In today’s international nuclear marketplace, foreign investment is a significant source of capital for U.S. next-generation nuclear ventures. However, about-to-be signed legislation has the potential to broadly expand the ability of the Committee on Foreign Investment in the United States (“CFIUS”) to review foreign investment into the United States directed towards the nuclear industry, as well as the ability of the U.S. government to control exports of emerging nuclear technologies.

The new legislation, expected to be signed today, will among other things: (1) increase the number of transactions falling under CFIUS jurisdiction, (2) make some CFIUS reviews mandatory, (3) and give CFIUS the ability to suspend pending investments.  The legislation will also (4) expand export controls for “emerging and foundational technologies.”  The advanced reactor community should be aware of the legislation as it could impact future investment plans.  The community may also want to involve itself in expected rulemakings that will clarify important parts of the legislation.
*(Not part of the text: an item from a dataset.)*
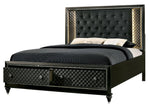 Demetria Metallic Gray Wood King Bed w/Drawers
As background, CFIUS is a multi-agency committee, led by the Treasury Department, which has the ability to review foreign investments into the United States that pose a threat to national security. Under the current law, CFIUS is able to review transactions that allow a foreign entity to gain “control” over a US business that poses a national security risk—including U.S. businesses holding or involved in critical infrastructure and critical technologies, which includes nuclear power.  CFIUS works aside a separate, complex nuclear export control regime to police efforts by foreign powers to infiltrate critical infrastructure and technologies in a manner harmful to U.S. national interests.
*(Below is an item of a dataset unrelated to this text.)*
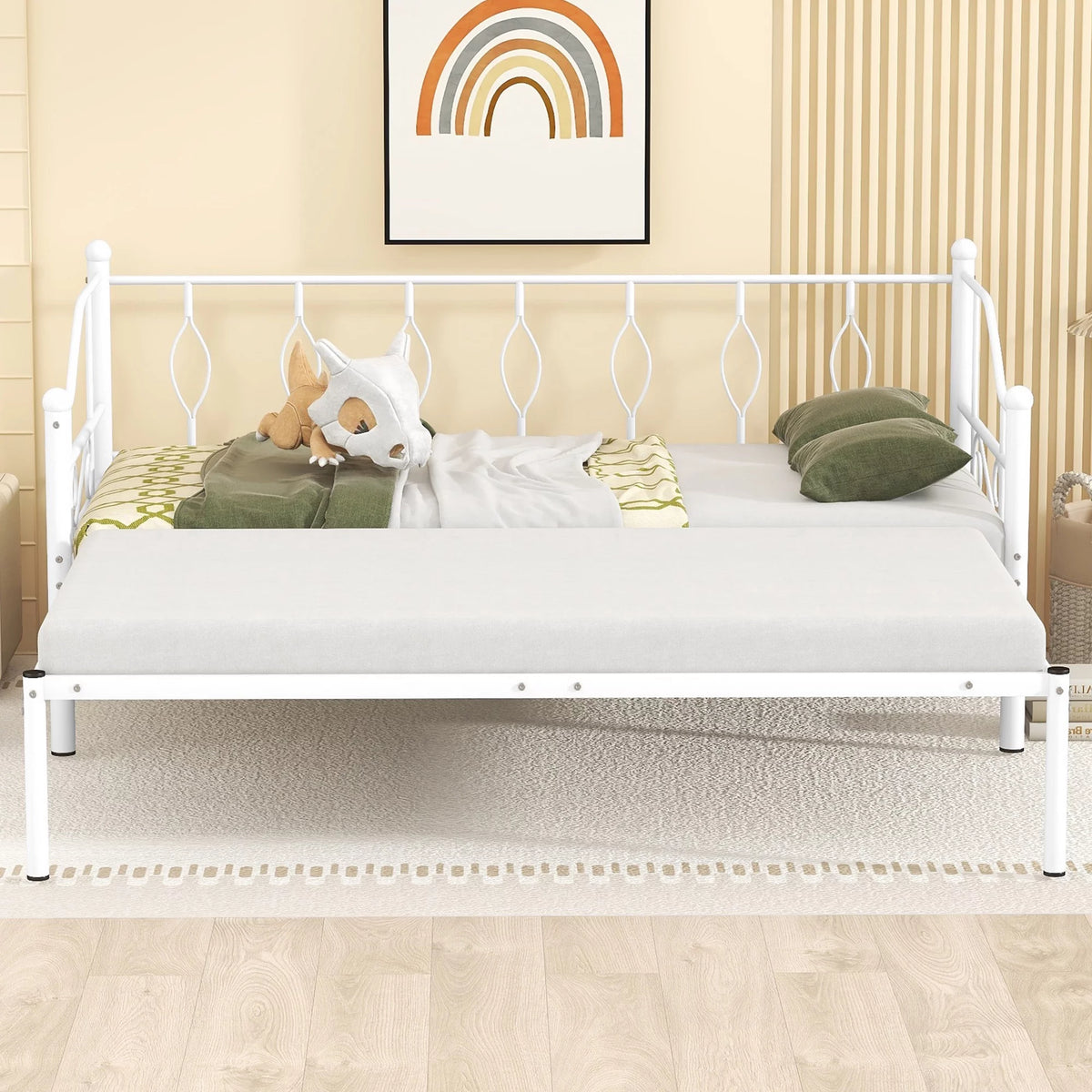 White Twin Size Metal Daybed with Trundle P82318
The about-to-be-signed legislation, entitled the Foreign Investment Risk Review Modernization Act of 2018 and the Export Controls Act of 2018, have both been inserted into the John S. McCain National Defense Authorization Act for Fiscal Year 2019.  Hogan Lovells’ International Trade Practice has summarized key elements of the legislation in two client alerts (here and here).  The legislation has many components, but a few of which are worth calling out in more detail:

(1) Increasing the Scope of CFIUS Jurisdiction: Currently, the touchstone of CFIUS jurisdiction is whether any transaction would give a foreign entity control of a US business.   However, CFIUS will now be able to review many other types of transactions, including “any other investment[s]” (to be clarified by CFIUS by rulemaking) that concern critical infrastructure, critical technologies, or sensitive personal data of U.S. citizens.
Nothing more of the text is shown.